Financial accidents could happen

Still, a base-case expectation for the economy is a recession of meaningful length and depth that starts in early 2023.

The battle against stubbornly high inflation rages on as central banks around the world raise interest rates and shrink their ballooned balance sheets. A recession of some sort in 2023 is becoming a consensus expectation as financial conditions progressively tighten. In recent commentaries, we wrote about our belief that most analysts were asking the wrong question about the economy. Specifically, most of them asked what sort of recession should be expected given current conditions. Low unemployment rates and strong household balance sheets led many to believe a recession, should one occur at all, would be a relatively short and mild one. To us, a better question was what kind of recession is required to beat inflation.
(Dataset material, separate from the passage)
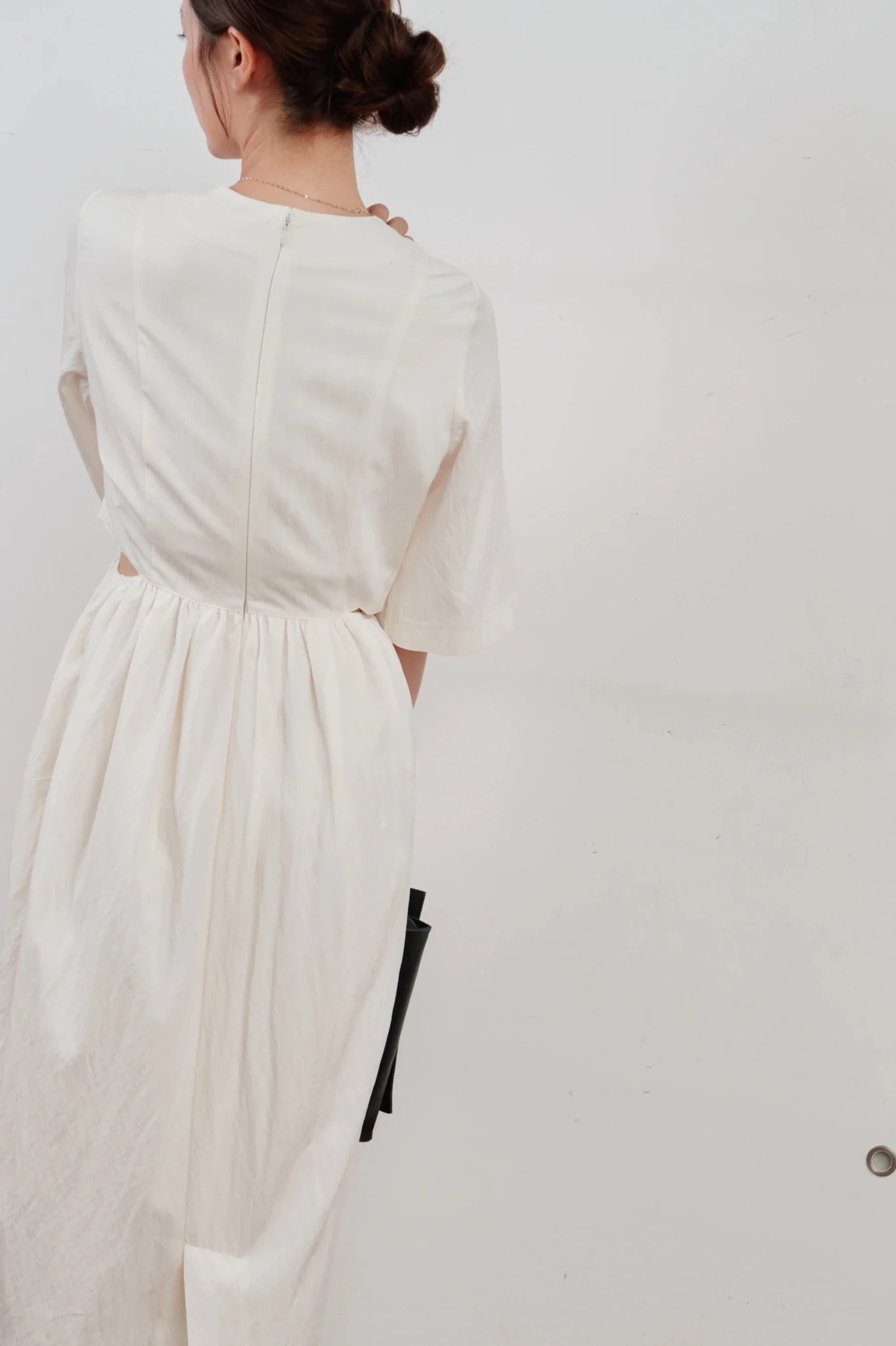 【Hella 2026 SPRING/SUMMER】waist side slit cocoon dress - Champdelarose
A string of hotter-than-expected inflation reports has increased the probability that financial conditions will have to tighten enough to tip the economy into a recession of meaningful depth and length. Central banks, including the U.S. Federal Reserve, understand that hot inflation rates are much bigger societal problems than recessions. Indeed, inflation wears away at the fabric of a nation, which is a reason emerging markets with ever-rising consumer prices are often epicenters of social unrest. Recessions, on the other hand, mostly impact the newly unemployed who usually comprise a single-digit percent of the total workforce. Because of this, the Fed and its peers will be singularly focused on killing inflation, even if a recession is triggered by the process.

The global economy and financial system can easily digest increases in interest rates that occur at a steady, moderate pace. Conversely, systemwide financial accidents can occur when interest rates spike, as they have since the beginning of the year. Financial analysts are now turning over every rock on the economic landscape, hoping that nothing scary crawls out. Their surveillance is far and wide because financial accidents often occur in the least obvious places. Who would have thought the lowly residential mortgage would become a systemic threat in 2008? In our view, the most likely source of a financial accident this time would be the incredibly strong U.S. dollar. Inflation is being exported from our shores due to our currency’s strength. Emerging market economies, in particular, are getting pounded by inflation attributable to exchange rates, and that can’t go on forever. Whether imbalances in currency markets end quietly or via a financial accident is yet to be determined. Either way, the situation bears watching.